Thursday, January 5, 2012

7-11 Lover

Stop in for a quickie:
Fill up your tank,
Quench your need
For something sticky sweet

And then leave.
Continue to wherever you were headed.

Until your thirst returns,
Or your tank runs low
And you need a convenient stop:

Pull in,
Park as close as you can,
My doors open automatically:
Just for you

Faster you get in,
Quicker you get out,
"Thank you! Come again."

Tuesday, January 3, 2012

Baby it's cold outside...

It's nights like these I wish I had someone to curl up with and snuggle.  The colder the weather, the lonelier it feels. Another reason why the winter season is hazardous for singles.

Monday, January 2, 2012

Down under.

The problem with dating is it always starts the same way... you meet an OK Guy who your friends talk you into going out with because they think he's great and you need to give him a chance: date one is magical.  He takes you out to dinner and pays, ending the night with a kiss.   Date two is the same gentleman behavior ending in heavy petting.  Date three: his personality finally starts to show and you realize your prince is really interested  in a steak dinner and exploding all over your stomach after a  hand job...
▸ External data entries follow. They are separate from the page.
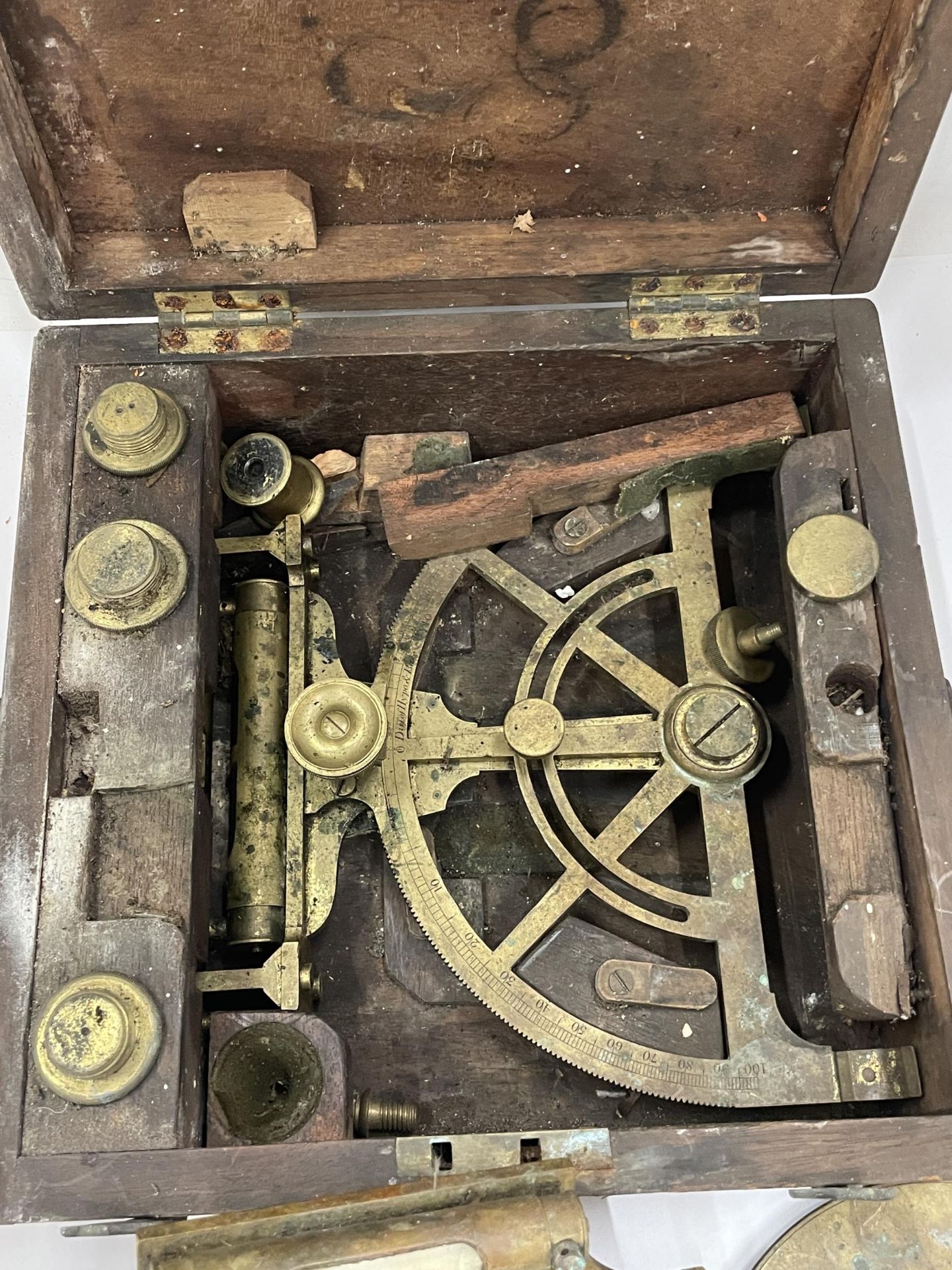 A VINTAGE BOXED TROUGHTON & SIMMS, LONDON, TRANSPORT THEODOLITE COMPASS - Image 3 of 4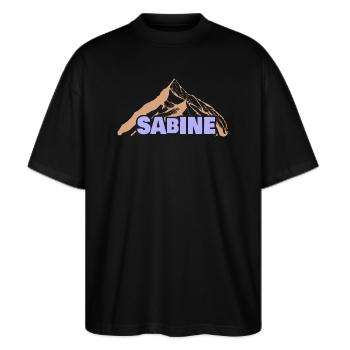 Geschenk für Sabine - Stanley/Stella Oversized Unisex Bio T-Shirt Blaster 2.0 - Schwarz - Vorne - Alina (178cm) & Michal (187cm)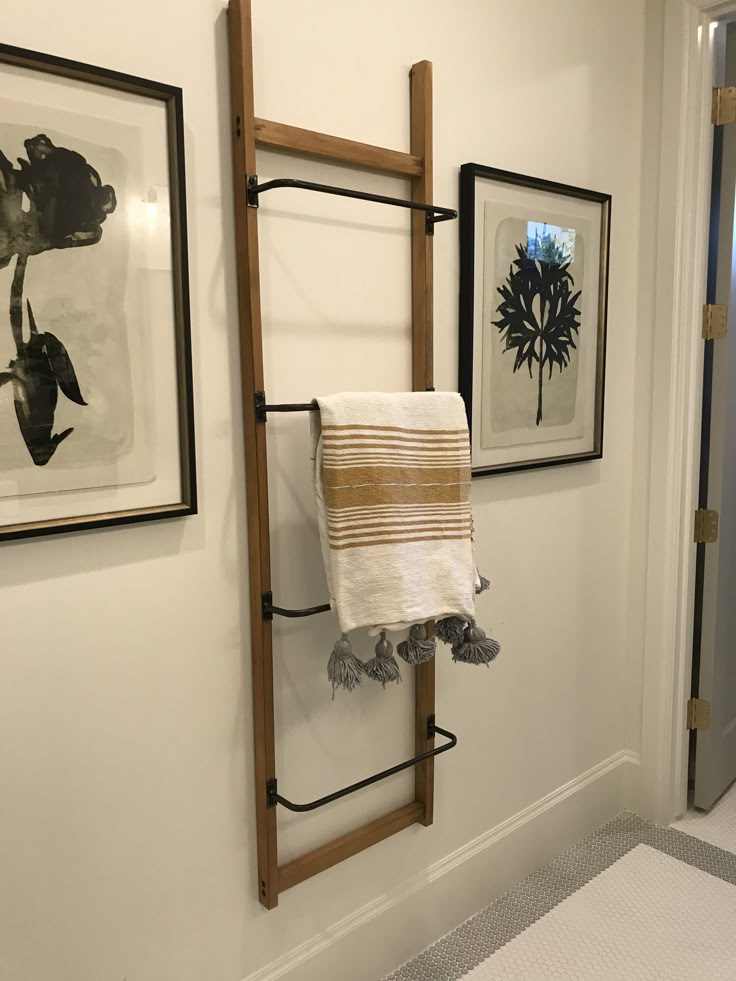 ladder-towel-rack-small-elegant-bathroom-decor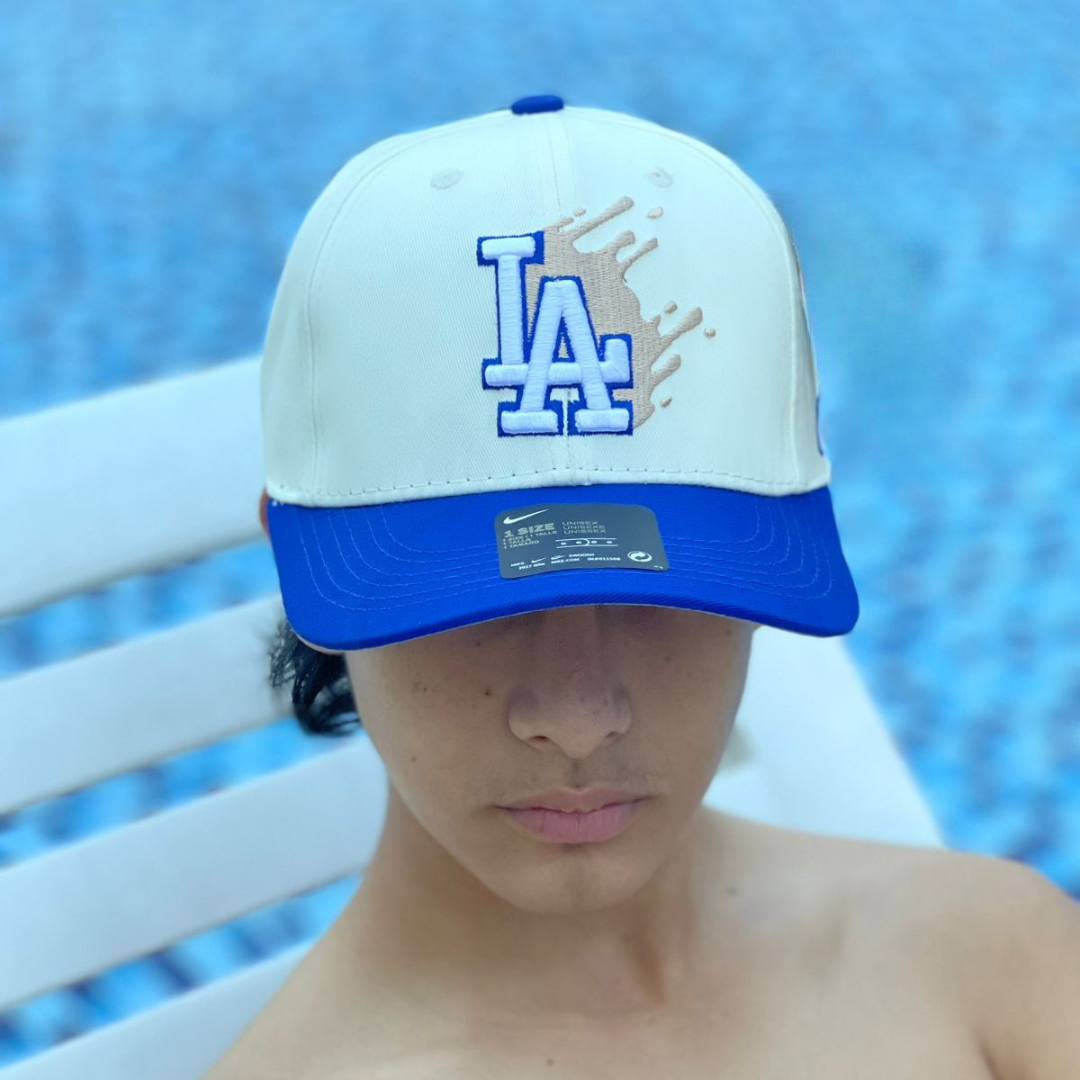 Gorra LA en Beige, Blanco con Azul & Blanco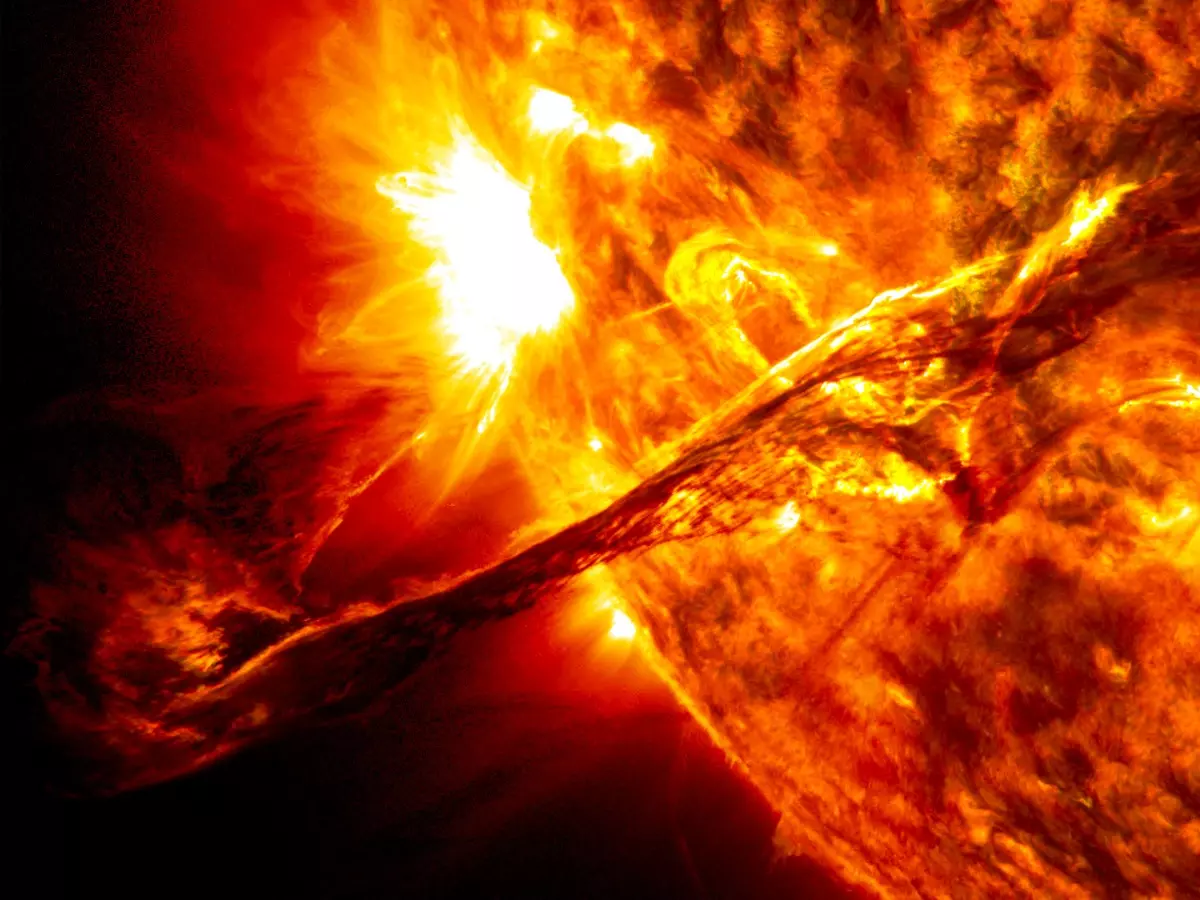 Solar Storm Causes Global Blackouts – What You Need to Know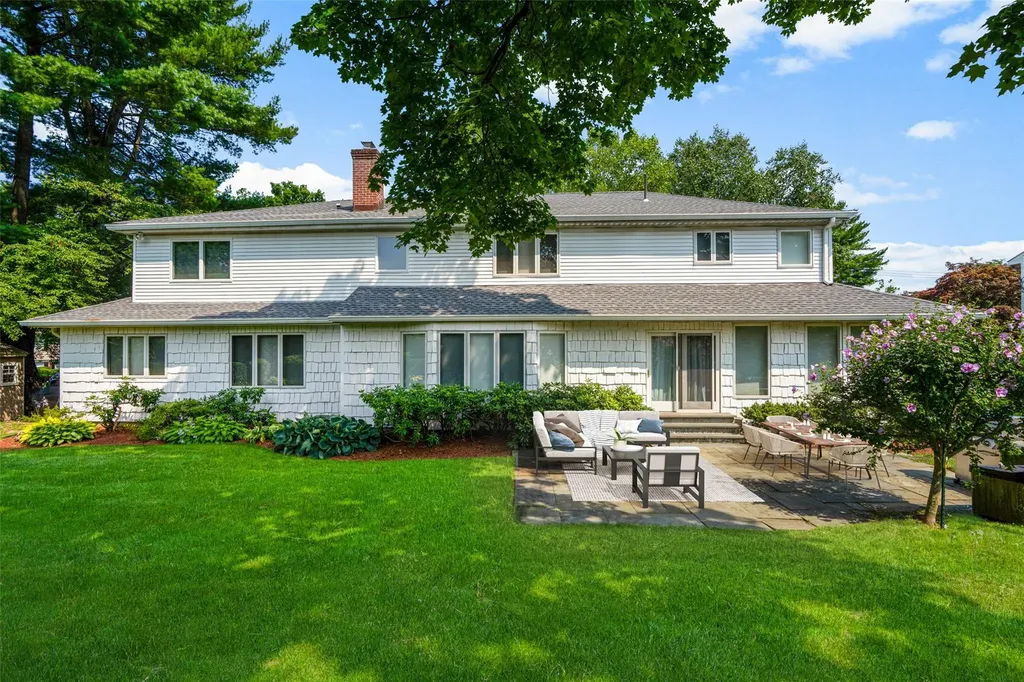 5 Wagon Wheel Road Mamaroneck NY 10543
Albeit, we are physically compatible.  But his rigidity and structured type A personality stifles my passionate, spontaneous side; I'm water where he's a rock. And when I try to flow, he blocks my current.  I may be better off washing him off to sea with the other stones and sharks...

Sunday, January 1, 2012

New Years Tradition

Starting my new year's tradition of attempting to journal; nursing a hangover: my stomach is on fire... last night, got hammered at Casselberry Lanes on two long islands; by the time the ferry dropped me off, I was stuck on that island searching for a bed with 1 1/2 more games to bowl.  Jessica,  Becky, and Brandon were there to witness my record game of 38 pins in 10 frames.
Today: 3rd 'date' plans: I'm excited, I like him A LOT, but I keep preparing myself; worst case scenario: he's a serial killer followed by second worst case: he turns ou like every other guy: non-emotional-only-looking-for-a-once-a-week-warm-hole-to-stick-it-in-lets-just-keep-this-non-defined fwb: all in all, going in with positive thinking.